Cette invention prodigieuse était cependant composée d’éléments assez simples : un récipient, des disques de deux métaux différents (cuivre et zinc) et de la saumure d’une solution aqueuse de sel (NaCl) qui servait d’électrolyte, c’est-à-dire une substance conductrice, car elle contient des ions mobiles (Figure n° 2). Alessendro Volta est connu pour ses travaux sur l’électricité et l’invention de la première pile électrique (pile voltaïque). Le volt (symbole : V) est tiré du nom de ce savant italien.

Au-delà de la version officielle de l’histoire des inventions scientifiques, il existe, depuis plus de quatre-vingts ans, une histoire parallèle qui est censée remonter la date de l’invention de la pile électrique à il y a près de deux mille ans ! Contrairement à l’histoire de l’invention de la pile voltaïque en 1799 par Alessandro Volta, cette histoire parallèle est anonyme et n’a pas de fondement « historique », mais une origine archéologique.

Figure n° 1 : Pile électrique voltaïque inventée en 1799 par Alessandro Volta.

En 1936, des archéologues européens ont mené des fouilles dans des ruines antiques datant approximativement du début de notre ère, sur une colline située près de Khujut Rabu, un village qui se trouve au sud-est de Bagdad, et où se situait autrefois la ville de Ctésiphon, ancienne capitale de la dynastie parthe des Arsacides (247 av. J.-C.-224 apr. J.-C.), puis de la dynastie perse des Sassanides (224-651 apr. J.-C.).

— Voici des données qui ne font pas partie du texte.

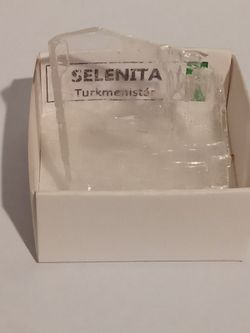 Minerales en cajita de 4x4. Serie verde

Ctésiphon fut construite par les Arsacides face à Séleucie du Tigre, ancienne capitale des Séleucides. La ville parthe s’étendait sur 30 km². Ctésiphon fut longtemps la résidence d’hiver des rois arsacides. Plus tard, la ville devint l’une des capitales de la dynastie des Sassanides. Dès 317 de notre ère, Ctésiphon fut le siège principal de l’Église de l’Orient. En 637, la capitale sassanide fut envahie par les troupes arabes musulmanes pendant la conquête de la Perse. En 762, les Arabes commencèrent à utiliser les matériaux de Ctésiphon pour construire Bagdad, bâtie à quelques kilomètres de la ville antique.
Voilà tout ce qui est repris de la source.